David Corn’s New Book: “American Psychosis: A Historical Investigation of How the Republican Party Went Crazy”


Dear Commons Community,

I just finished reading David Corn’s new book, American Psychosis: A Historical Investigation of How the Republican Party Went Crazy.  It is a review of the Republican Party’s performance during the last seven decades and examines the influences of the likes of Senator Joe McCarthy, Barry Goldwater, Newt Gingrich, Rush Limbaugh, Sarah Palin and of course, Donald Trump.  Corn covers a lot of ground that has been covered before.  For example, he quotes Jerry Falwell as saying:  “ I am to the right of wherever you are.  I thought Barry Goldwater was too liberal.”  Corn is a New York Times best-selling author and knows how to weave the stories of the “dark forces” and the individuals who had great influence on the ultra-conservative path that the GOP has taken.  I found it a good book not necessarily a great book.  Below is a brief review published in Kirkus.






by David Corn

Sept. 13, 2022

The veteran political journalist connects the authoritarianism and White supremacism of yore with the Trumpism of today.
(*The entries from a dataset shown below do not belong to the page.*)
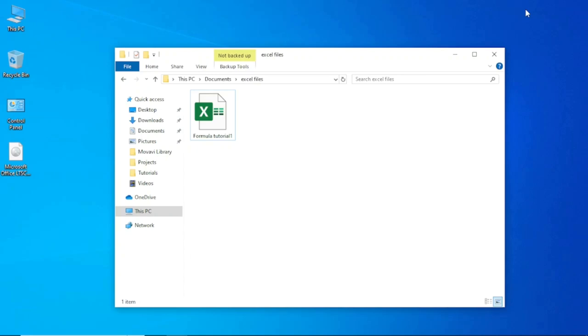In this video, I'm going to show you how to protect your Excel file with a password. In a situation where other people use your PC but you don't want them to open your files, this video is for you. Now I have my Excel file right here. If I go ahead and open it...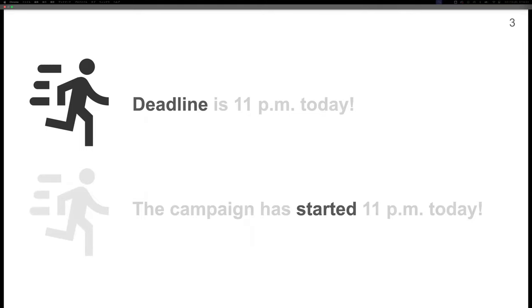For example, 11 p.m. today in 'the campaign has started 11 p.m. today' does not specify an expiration time.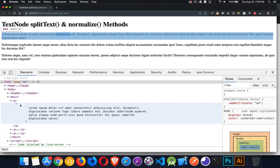So there are a couple of lesser-known methods available on the text node and on element nodes. If you have any questions, feel free to leave those in the comments below. I'll leave a link to the code in the description, and as always, thanks for watching.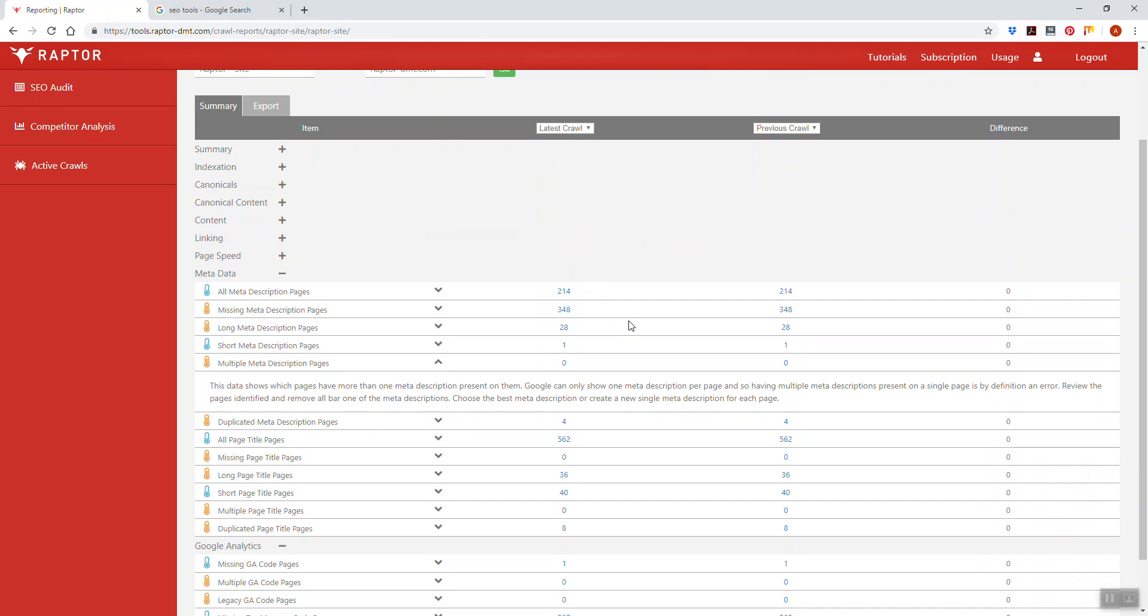That is everything you probably need to know about multiple meta descriptions for the time being. Thanks for watching.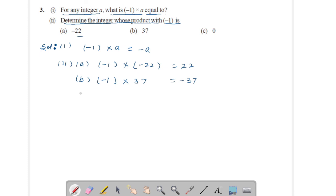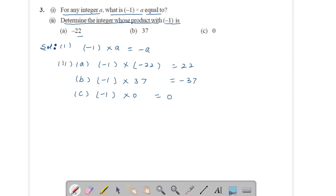Now see part c: 0. That is (-1) into 0. Any number multiplied by 0 is 0. Your answer is 0.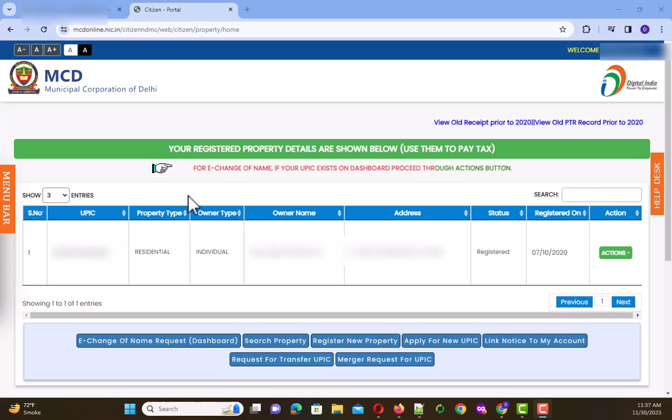Hello, welcome to my channel again. Today I'm going to show you a resolution of an issue which I faced a few days back when I went to the MCD online portal to take some printouts of my old property tax receipts.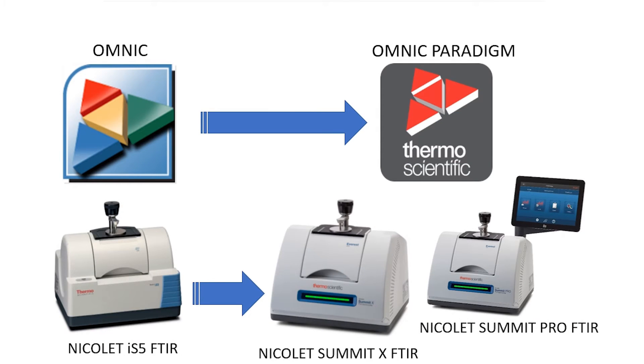This short video will review our Nicolet Summit family of FTIR spectrometers which is the next generation of the highly successful Nicolet IS-5.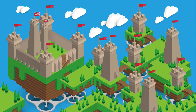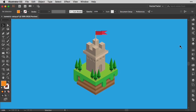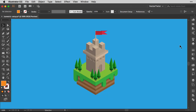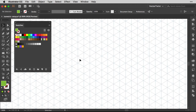Hi everybody, Simona here from Vector Twist. In one of the previous videos I showed you how you can create your own isometric grid pattern. Now we've created this pattern and now if I turn it on here you can see it. And now I would like to show you how you can create your own castle tower as an isometric design. Now this is going to be a speed art, so sit back and enjoy the ride.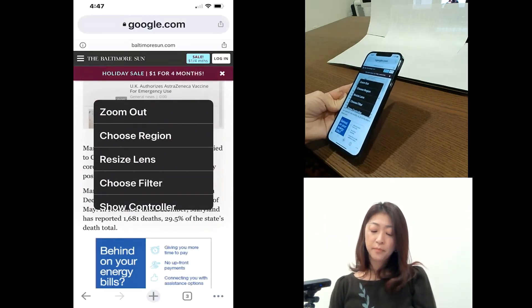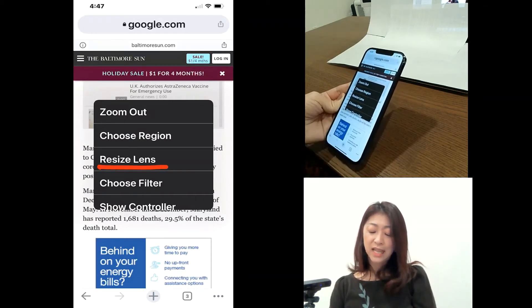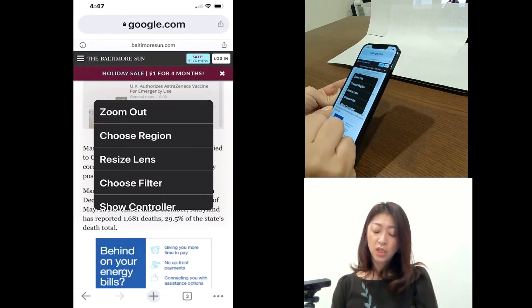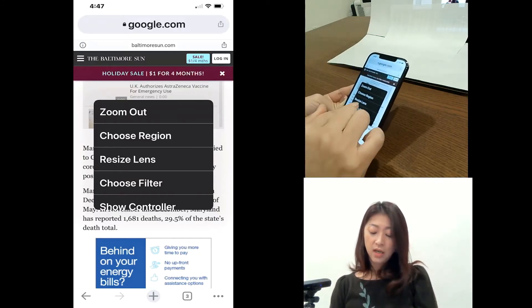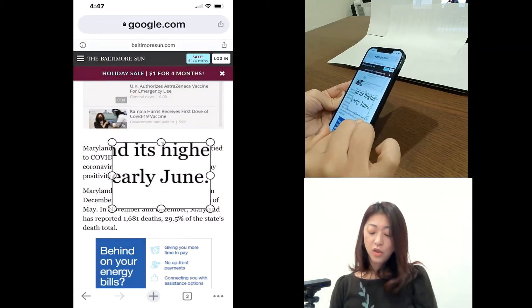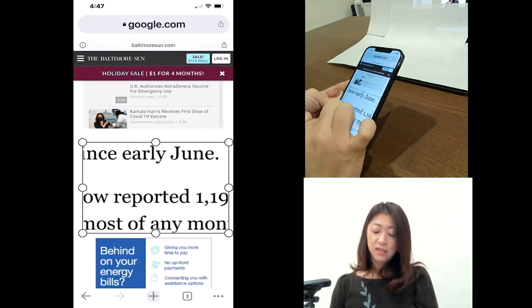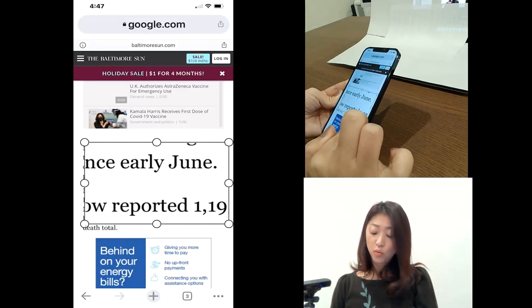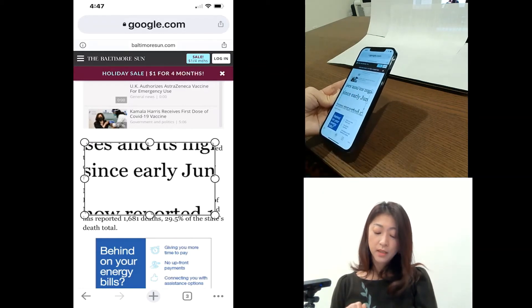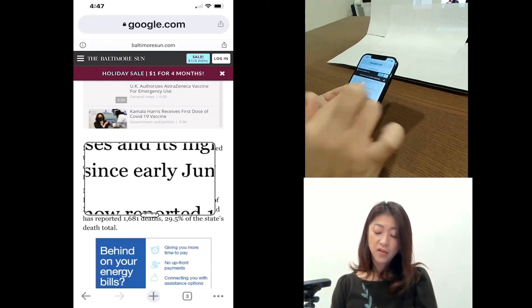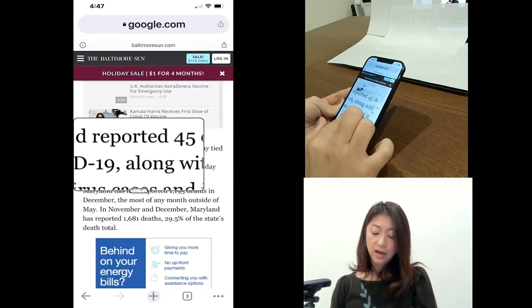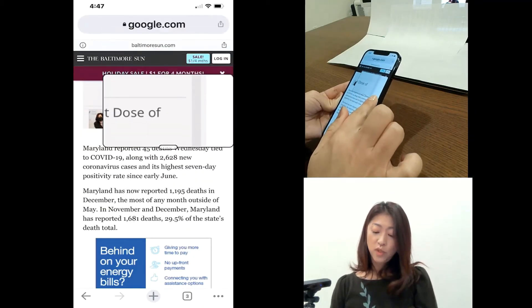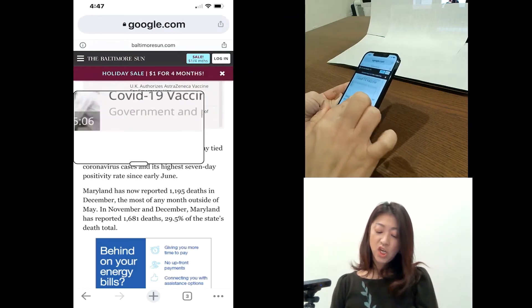Okay. And then right below that, it says resize lens. You will get this menu only when you have the window zoom picked. So if I tap resize lens, you can resize the size of zoom window. Okay. And then I can tap outside of the window to exit out. Then now the zoom window size is changed.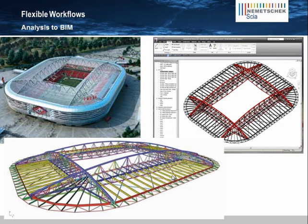SIA also has links for Tekla Structures, eTabs, as well as certified support for IFC 2x3, and can also convert geometry coming in from popular modeling programs such as SketchUp, Rhino, Inventor, and SolidWorks, just to name a few.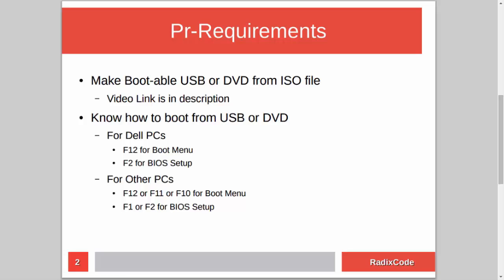After making a bootable USB, you should know how to boot your computer from the USB stick. For Dell laptops, press F12 to go to the boot menu and select the USB drive, or press F2 to go to BIOS setup and change the boot order to boot from USB. On other computers, press Escape, F12, F11, or maybe F8, and for BIOS setup press F1 or F2.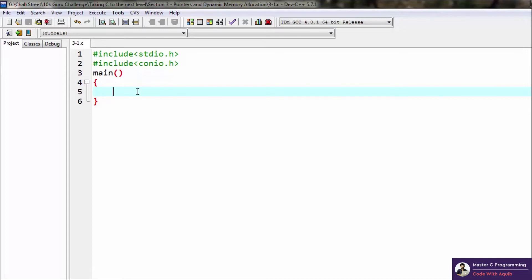As I said, pointers are variables so they can also be of different types: int, char, float, double, etc. But we mostly use integer pointers because we don't really require others so frequently.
At the 1964 Republican National Convention, liberal Republicans tried to introduce a resolution to condemn the extremism of the John Birch Society and Ku Klux Klan and were shouted down by supporters of Barry Goldwater, who said that “extremism in the defense of liberty is no vice.” Corn’s vivid narrative starts there, but it goes back much further, to the anti-immigrant Know-Nothingism of the 1850s, where the author locates the beginnings of a recurrent theme: Just as Abraham Lincoln could not disavow the nationalists because he needed their vote, Richard Nixon had to ally with racist Southerners, and George W. Bush had to pal around with Christian fundamentalists to win the 2000 primary against a more principled John McCain. In turn, McCain turned to Sarah Palin to placate far-right, tea party supporters, a group that morphed into the Trumpists of today. It’s a zigzag line indeed, but Corn makes important connections. “Nixon attained the presidency by exploiting the paramount divisive force in American society—racism—and the sense of fear and dread spreading through much of the nation,” he writes, and substituting Trump for Nixon makes that sentence scan without a hitch. Much of the “psychosis” of recent years has hinged on a long pattern of lies. While the author makes clear that Trump is master of the form, he had plenty of predecessors, from Joseph McCarthy to Palin’s winking insinuations that Barack Obama was a Muslim, the latter yielding what Corn calls Palinism, “a combination of smear politics, conspiracism, and know-nothingism.” Since then, it’s only gotten worse. “Formed 168 years earlier to save the nation from the expansion of slavery,” writes the author, “the Republican Party, now infected with a political madness, [is] a threat to the republic.”

A sobering look at the ideological destruction, born of cynicism and opportunism, of a once-principled party.